Von Erbsenessern und Dandies
Im August ist das Theaterangebot besser, als jeder Strandurlaub
Ehe die Theaterhäuser die neue Spielsaison und damit den Herbst einläuten, geben die Freilichtbühnen nochmal richtig Gas.
Allen voran die Urgesteine der hiesigen Theaterlandschaft: die Rittner Sommerspiele und die Freilichtspiele Südtiroler Unterland. Letztere zeigen sich mit Regisseur Roland Selva nach 51 Jahren alles andere als altersschwach und holen mit Georg Büchners Woyzeck zum Rundumschlag aus (ab 14.08). Der Soldat Franz Woyzeck fühlt sich fremd in der Gesellschaft. Von seinem Hauptmann gedemütigt, von Marie betrogen und von einem Arzt für fragwürdige Experimente missbraucht, versinnbildlicht er den Konflikt zwischen individueller Freiheit und hierarchisch bedingter Unterwerfung. Büchners Werk ist das wohl radikalste Sozialdrama der Weltliteratur.

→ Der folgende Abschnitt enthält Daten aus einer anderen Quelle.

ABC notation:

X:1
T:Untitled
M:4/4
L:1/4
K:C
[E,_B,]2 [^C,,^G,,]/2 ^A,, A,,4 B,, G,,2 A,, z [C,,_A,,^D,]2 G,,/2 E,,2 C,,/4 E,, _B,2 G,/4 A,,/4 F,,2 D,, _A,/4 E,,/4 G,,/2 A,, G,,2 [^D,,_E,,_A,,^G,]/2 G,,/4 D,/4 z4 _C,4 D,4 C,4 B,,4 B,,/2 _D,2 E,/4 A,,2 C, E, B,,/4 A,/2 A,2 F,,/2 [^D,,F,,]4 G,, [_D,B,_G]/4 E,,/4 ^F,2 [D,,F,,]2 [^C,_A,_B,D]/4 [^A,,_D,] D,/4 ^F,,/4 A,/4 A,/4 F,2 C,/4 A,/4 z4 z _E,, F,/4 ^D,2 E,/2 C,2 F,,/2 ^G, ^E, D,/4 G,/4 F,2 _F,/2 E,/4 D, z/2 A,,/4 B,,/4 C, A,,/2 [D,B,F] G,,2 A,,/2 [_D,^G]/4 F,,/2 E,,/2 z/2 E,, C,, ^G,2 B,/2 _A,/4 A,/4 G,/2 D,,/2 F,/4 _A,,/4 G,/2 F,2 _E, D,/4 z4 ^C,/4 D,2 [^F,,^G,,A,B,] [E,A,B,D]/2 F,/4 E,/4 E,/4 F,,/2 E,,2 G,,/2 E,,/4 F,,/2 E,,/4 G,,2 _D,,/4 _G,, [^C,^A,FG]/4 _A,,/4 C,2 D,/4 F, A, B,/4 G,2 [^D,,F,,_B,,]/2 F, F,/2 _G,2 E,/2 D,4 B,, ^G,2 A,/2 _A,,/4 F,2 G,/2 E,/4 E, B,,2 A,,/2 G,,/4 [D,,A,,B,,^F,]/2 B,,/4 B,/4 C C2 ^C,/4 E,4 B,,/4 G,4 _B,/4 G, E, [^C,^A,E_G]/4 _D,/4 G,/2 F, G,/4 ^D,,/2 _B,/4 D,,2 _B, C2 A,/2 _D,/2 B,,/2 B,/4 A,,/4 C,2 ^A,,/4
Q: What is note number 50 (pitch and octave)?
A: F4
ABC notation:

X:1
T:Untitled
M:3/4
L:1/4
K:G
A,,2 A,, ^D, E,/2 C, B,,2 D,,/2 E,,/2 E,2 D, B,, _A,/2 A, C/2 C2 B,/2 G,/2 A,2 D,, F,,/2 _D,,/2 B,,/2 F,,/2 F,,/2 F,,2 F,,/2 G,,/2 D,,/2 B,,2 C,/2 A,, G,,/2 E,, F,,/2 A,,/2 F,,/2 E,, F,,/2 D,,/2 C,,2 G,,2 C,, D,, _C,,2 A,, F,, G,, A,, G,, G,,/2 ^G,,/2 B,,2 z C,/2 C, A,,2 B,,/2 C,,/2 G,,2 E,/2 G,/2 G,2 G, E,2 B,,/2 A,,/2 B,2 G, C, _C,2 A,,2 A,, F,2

Um das Überwinden gesellschaftlicher Normen geht es auch bei den Rittner Sommerspielen, wo Alexander Kratzer Ernst ist das Leben von Oscar Wilde in der Überarbeitung von Elfriede Jelinek präsentiert (bis 9.08). John „Jack“ Worthing ist ein betuchter Gentleman, der gerne ungestört seinen Leidenschaften frönt. Dafür hat er sich einen Bruder namens „Ernst“ erfunden, unter dessen Pseudonym er u.a. mit dem ebenfalls wohlhabenden Algernon Freundschaft knüpft. Da Lügen aber seit jeher kurze Beine haben, kommt Algernon Jacks Doppelleben auf die Schliche und macht sich dessen Alias zunutze – das Verwirrspiel nimmt getrost seinen Lauf. Jelineks Fassung ist ein Beispiel für das glückliche Zusammentreffen völlig unterschiedlicher künstlerischer Handschriften.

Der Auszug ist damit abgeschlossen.